Cuando era un crío, en el pueblo, eran frecuentes los cortes de luz; cuando llovía mucho, cuando hacía mucho viento, cuando bajaban anormalmente lastemperaturas… por supuesto, casi siempre cuando la electricidad se hacía más necesaria. Debido a este hecho y a la previsión que había en todas las casas, mi madre tenía a mano -quiero decir, fácilmente accesible aun sin luz- una linterna de aquellas que se denominaban “de petaca” y unas cuantas velas con su palmatoria correspondiente; recuerdo perfectamente que estaban en un cajón de la cocina, el de más abajo a la izquierda, junto con una caja de cerillas y los enseres para lustrar los zapatos.

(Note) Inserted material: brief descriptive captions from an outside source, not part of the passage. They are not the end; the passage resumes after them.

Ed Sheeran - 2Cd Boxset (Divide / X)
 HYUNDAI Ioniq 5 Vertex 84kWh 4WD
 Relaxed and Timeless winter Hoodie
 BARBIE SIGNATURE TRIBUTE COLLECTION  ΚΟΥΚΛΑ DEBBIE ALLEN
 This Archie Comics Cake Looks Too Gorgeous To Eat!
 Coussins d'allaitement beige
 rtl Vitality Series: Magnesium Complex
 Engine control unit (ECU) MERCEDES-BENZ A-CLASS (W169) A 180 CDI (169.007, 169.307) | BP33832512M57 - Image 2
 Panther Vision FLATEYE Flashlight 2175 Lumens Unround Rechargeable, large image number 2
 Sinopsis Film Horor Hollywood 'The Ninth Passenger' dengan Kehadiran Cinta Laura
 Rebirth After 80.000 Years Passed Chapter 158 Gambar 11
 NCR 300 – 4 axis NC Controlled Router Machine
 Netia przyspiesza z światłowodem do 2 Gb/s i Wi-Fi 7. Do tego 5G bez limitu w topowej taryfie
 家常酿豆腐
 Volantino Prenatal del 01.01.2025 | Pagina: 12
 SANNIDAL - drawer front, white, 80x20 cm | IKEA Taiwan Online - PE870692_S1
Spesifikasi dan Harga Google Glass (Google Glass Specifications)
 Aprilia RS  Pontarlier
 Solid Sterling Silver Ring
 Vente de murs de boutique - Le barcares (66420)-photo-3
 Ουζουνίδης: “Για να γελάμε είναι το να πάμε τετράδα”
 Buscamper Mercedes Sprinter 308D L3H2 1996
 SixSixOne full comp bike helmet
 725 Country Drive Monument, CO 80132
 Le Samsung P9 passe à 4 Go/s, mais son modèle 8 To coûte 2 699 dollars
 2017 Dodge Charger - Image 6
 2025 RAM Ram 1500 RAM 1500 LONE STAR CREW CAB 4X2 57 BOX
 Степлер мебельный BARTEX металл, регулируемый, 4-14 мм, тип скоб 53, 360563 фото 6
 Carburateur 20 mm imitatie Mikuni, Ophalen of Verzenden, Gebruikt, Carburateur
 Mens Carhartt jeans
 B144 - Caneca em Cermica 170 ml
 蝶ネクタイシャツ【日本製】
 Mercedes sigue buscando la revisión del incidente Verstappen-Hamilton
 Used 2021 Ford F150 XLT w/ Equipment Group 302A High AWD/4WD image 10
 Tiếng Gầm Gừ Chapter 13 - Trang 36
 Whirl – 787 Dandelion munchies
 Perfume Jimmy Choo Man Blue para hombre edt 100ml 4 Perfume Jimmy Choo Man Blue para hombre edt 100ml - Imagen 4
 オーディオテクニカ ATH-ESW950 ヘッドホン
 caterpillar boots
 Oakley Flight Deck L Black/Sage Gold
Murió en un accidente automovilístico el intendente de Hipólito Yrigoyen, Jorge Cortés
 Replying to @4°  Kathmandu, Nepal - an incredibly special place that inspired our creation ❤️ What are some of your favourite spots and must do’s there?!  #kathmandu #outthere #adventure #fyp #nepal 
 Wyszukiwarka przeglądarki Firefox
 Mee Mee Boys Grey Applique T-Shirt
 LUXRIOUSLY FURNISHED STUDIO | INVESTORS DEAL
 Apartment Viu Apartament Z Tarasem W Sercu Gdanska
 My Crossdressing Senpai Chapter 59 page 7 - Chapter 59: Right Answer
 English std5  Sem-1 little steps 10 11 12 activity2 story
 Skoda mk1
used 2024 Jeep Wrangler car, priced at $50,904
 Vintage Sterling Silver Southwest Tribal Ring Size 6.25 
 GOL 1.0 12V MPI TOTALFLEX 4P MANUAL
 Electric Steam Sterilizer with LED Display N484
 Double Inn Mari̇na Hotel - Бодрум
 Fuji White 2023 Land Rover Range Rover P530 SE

Mi espíritu aventurero, espoleado por el misterio de la oscuridad, abogaba, naturalmente, por el uso de la linterna pero, de hecho, ésta era un recurso de urgencia; cuando se iba la luz, lo que se hacía en casa era encender velas, unas cuantas, distribuidas por puntos estratégicos: para ver mientras cenábamos, para no tropezar con los muebles, para facilitar el camino a las habitaciones… A pesar de su utilidad, ya en cuanto mi madre las prendía había que oir la letanía de mi abuelo murmurando sus floridas blasfemias de costumbre contra la FECSA, contra el tiempo y… contra las velas. ¿La razón? El olor que dejaban cuando, finalmente, volvía la luz y las apagábamos soplando. “Mecagondéu, quina pudor de missa que cardarem…” era su invectiva más frecuente, compartida con mi oncle Bertomeu, su compañero de fatigas, estraperlo y anticlericalismo, y a pesar de las quejas de mi madre, su hija, con respecto a su lenguaje en mi presencia. Tardé tiempo en entender los reparos de mi abuelo porque sólo conocía de oídas eso de la misa, pero ya la primera vez que asistí a la celebración religiosa, creo que alrededor de la efeméride de mi primera comunión -no, mis padres no eran ateos, pero la cuestión de la observancia religiosa les traía al pairo-, reconocí “la pudor de missa” a la primera, y creo que ya en ese mismo instante quedó plantada en mí la semilla del anticlericalismo. Después, con los años, ese sentimiento se fue acentuando a medida que también se afinaba mi criterio intelectual, hasta llegar, después de siete años encerrado en una escuela salesiana, a un combativo ateísmo que he mantenido el resto de mi vida; pero eso es otra historia. Mi deuda con la lucidez de mi abuelo es impagable, pero la razón por la cual las compañías eléctricas contarán con mi gratitud eterna por cabrones que se pongan con las tarifas es ese anticlericalismo que, por vía de mi abuelo, me llegó con “la pudor de missa” de las velas en los cortes de electricidad.